─── Data provided
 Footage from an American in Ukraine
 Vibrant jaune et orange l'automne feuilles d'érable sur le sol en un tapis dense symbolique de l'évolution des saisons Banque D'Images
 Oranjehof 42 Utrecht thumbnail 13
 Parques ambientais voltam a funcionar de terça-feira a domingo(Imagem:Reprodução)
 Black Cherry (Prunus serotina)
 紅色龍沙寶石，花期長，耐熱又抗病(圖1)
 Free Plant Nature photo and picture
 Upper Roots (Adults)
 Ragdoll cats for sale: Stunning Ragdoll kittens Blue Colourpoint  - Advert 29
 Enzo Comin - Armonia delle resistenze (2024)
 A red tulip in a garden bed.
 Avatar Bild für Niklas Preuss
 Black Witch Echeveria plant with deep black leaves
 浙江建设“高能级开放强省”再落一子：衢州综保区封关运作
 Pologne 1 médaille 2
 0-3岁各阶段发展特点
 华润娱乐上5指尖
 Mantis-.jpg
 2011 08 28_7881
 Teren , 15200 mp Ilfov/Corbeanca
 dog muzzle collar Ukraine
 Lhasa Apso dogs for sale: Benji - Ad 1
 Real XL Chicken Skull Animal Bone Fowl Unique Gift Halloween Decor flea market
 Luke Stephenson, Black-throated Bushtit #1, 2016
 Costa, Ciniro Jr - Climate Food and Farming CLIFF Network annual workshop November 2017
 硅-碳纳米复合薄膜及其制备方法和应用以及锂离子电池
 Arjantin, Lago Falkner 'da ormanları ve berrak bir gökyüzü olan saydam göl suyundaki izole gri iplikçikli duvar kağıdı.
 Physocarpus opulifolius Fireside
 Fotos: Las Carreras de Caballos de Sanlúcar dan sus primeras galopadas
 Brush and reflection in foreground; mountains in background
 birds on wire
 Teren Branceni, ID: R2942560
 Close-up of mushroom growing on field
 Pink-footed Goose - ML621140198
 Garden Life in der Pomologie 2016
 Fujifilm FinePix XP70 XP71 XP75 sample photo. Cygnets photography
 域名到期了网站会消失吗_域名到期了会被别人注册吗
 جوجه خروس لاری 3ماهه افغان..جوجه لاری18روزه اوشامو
──────
▶ _What you are asked to do_
Copy the lines from the one with "Pologne 1 médaille 2" through the last line of the material above, exactly as they are and with no others.

▶ _Answer for this exercise_
 Pologne 1 médaille 2
 0-3岁各阶段发展特点
 华润娱乐上5指尖
 Mantis-.jpg
 2011 08 28_7881
 Teren , 15200 mp Ilfov/Corbeanca
 dog muzzle collar Ukraine
 Lhasa Apso dogs for sale: Benji - Ad 1
 Real XL Chicken Skull Animal Bone Fowl Unique Gift Halloween Decor flea market
 Luke Stephenson, Black-throated Bushtit #1, 2016
 Costa, Ciniro Jr - Climate Food and Farming CLIFF Network annual workshop November 2017
 硅-碳纳米复合薄膜及其制备方法和应用以及锂离子电池
 Arjantin, Lago Falkner 'da ormanları ve berrak bir gökyüzü olan saydam göl suyundaki izole gri iplikçikli duvar kağıdı.
 Physocarpus opulifolius Fireside
 Fotos: Las Carreras de Caballos de Sanlúcar dan sus primeras galopadas
 Brush and reflection in foreground; mountains in background
 birds on wire
 Teren Branceni, ID: R2942560
 Close-up of mushroom growing on field
 Pink-footed Goose - ML621140198
 Garden Life in der Pomologie 2016
 Fujifilm FinePix XP70 XP71 XP75 sample photo. Cygnets photography
 域名到期了网站会消失吗_域名到期了会被别人注册吗
 جوجه خروس لاری 3ماهه افغان..جوجه لاری18روزه اوشامو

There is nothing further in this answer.